Doctor Who – The End of the World Review (or “Settling The New Show In”)

Moving swiftly on from Rose and the new Doctor and his companion take their first trip away from modern London.

And what better place to go to sell the concept of time travel than to The End of the World

Doctor Who – The End of the World Review: What’s This One About?

Take a wild guess?

Well, to be fair, it could be many things based on the same premise.

Here, the Doctor takes Rose five billion years into the future and to a VIP Party on a Space Station observation deck to witness the final destruction of Earth (hey, and just think, at the very same time the First Doctor, Steven and Dodo are on the Ark)

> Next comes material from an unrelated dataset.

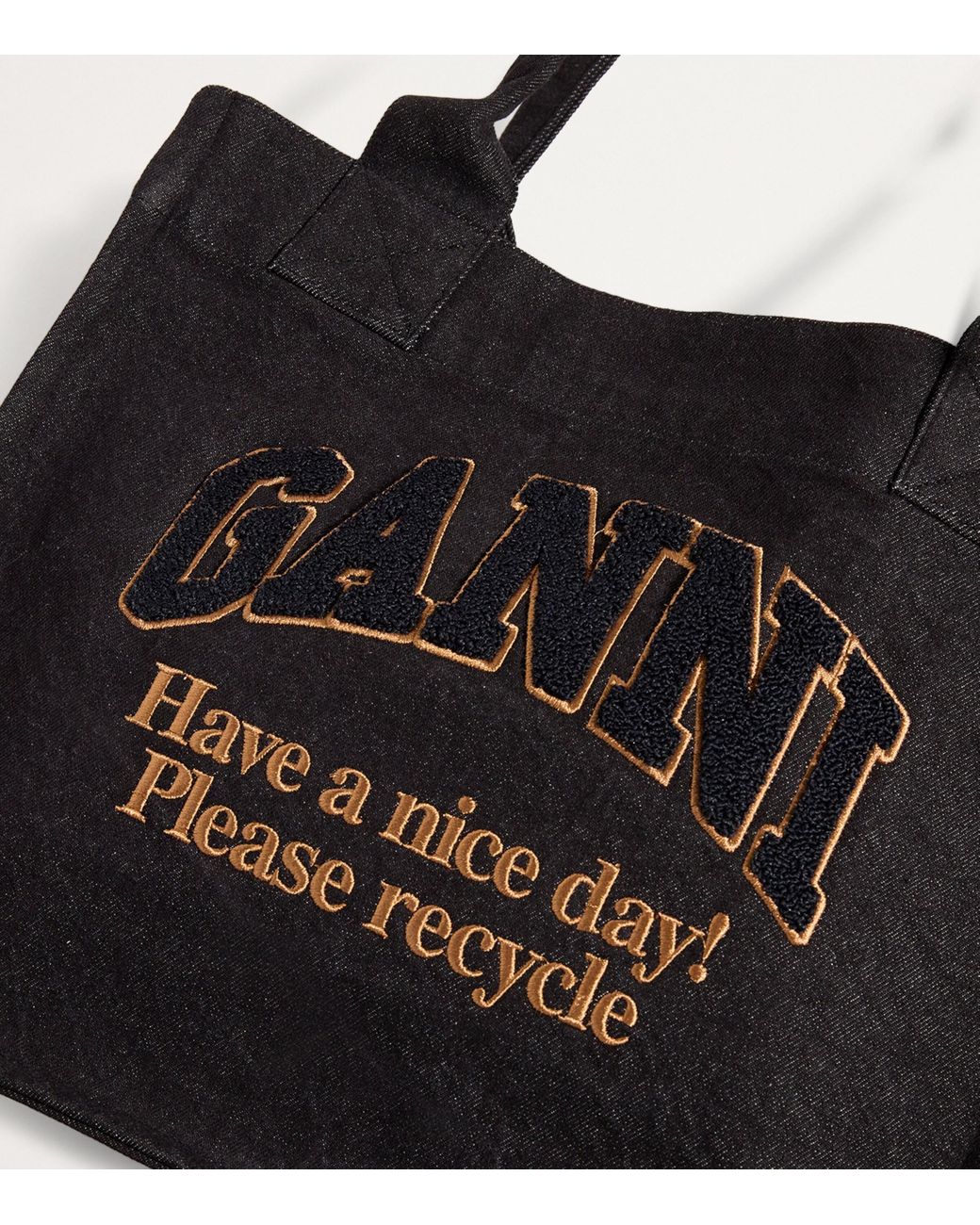 Ganni Large Easy Shopper Bag in Black | Lyst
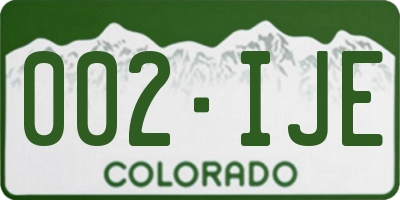 CO license plate 002IJE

Anyway, there’s treachery afoot, as one of the guests plans on ruining the party by breaking down the Station’s defences and either creating a hostage situation, or killing everyone else on board for money.

Thoughts – What I Thought At The Time

I remember in the lead-up to the new series, a lot of focus went on the End of the World. The marketing for the show, which obviously wanted to  accentuate the colourful aliens and out-of-this-world destinations put the likes of the Face of Boe,

Gagging for it

Gagging for it

The Moxx of Balhoon and the Tree People into the spotlight.

That was all fine, but it meant that I was expecting more from the characters when they did take their bows.

On the whole, I thought it was good, and I was pleased to see that – although in some respects being played up for a younger audience – they maintained a sense of grimness and terror with the deaths of the likes of Jabe, Raffallo and the Steward.

Thoughts Now – Another Settling Story

What’s interesting about The End of the World is that it now feels very much of its time.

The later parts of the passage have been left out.